So yesterday I went for a Sunday afternoon walk through the woods with my friend. It was raining heavily at the time we were planning to go so I suggested we wait and go later when it was forecast to be dry. She replied back 'sure'.
I felt myself wonder if she was ok with this, was she actually really annoyed about it and that is why she did n't text back much. At that point, I became very aware that this was an old pattern of thinking. The feeling that I have annoyed someone. And how much time and energy it takes up.
I became aware that, in its simplest terms, this is my six year old self responding to her dad's mood.
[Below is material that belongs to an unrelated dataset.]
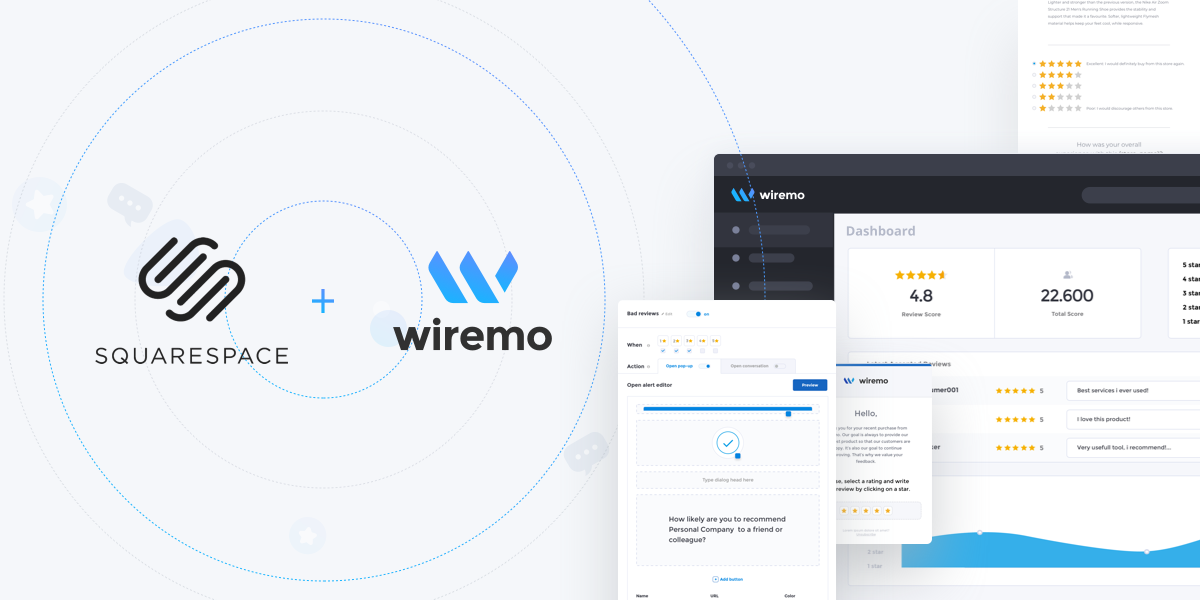 squarespacewiremo.png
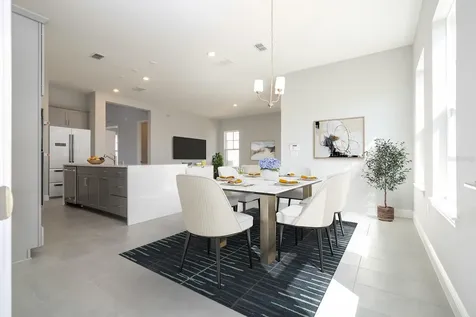 13464 Leggett Alley Orlando FL 32827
Thinking that the reason he was sitting with his hand over his eyes or had to go back to bed was because she had annoyed him. A six year who internalised her dad's recovery from brain surgery because she was only six and the adults in her life were stressed or ill and trying their very best to manage it all.
During our walk, I became aware of the very small ways that I would have continued to take responsibility for my friend's behaviour or been worried that I had annoyed her. However, I have committed to vulnerability and becoming real so instead I spoke to my friend about it.
I shared with her my very recent recognition of this pattern and told her about my six year old self. And I allowed space for the conversation rather than assuming she does n't want to hear it (another fun behaviour that I have become aware of).
My friend responded with empathy and open-heartedness. Which allowed us to connect on a deeper level than if I had just kept quiet. Brene (single name status from now on) highlights that when we choose vulnerability, we deepen our humanity and connectedness with each other #becomingreal #lovingwhatis #braveasfuck.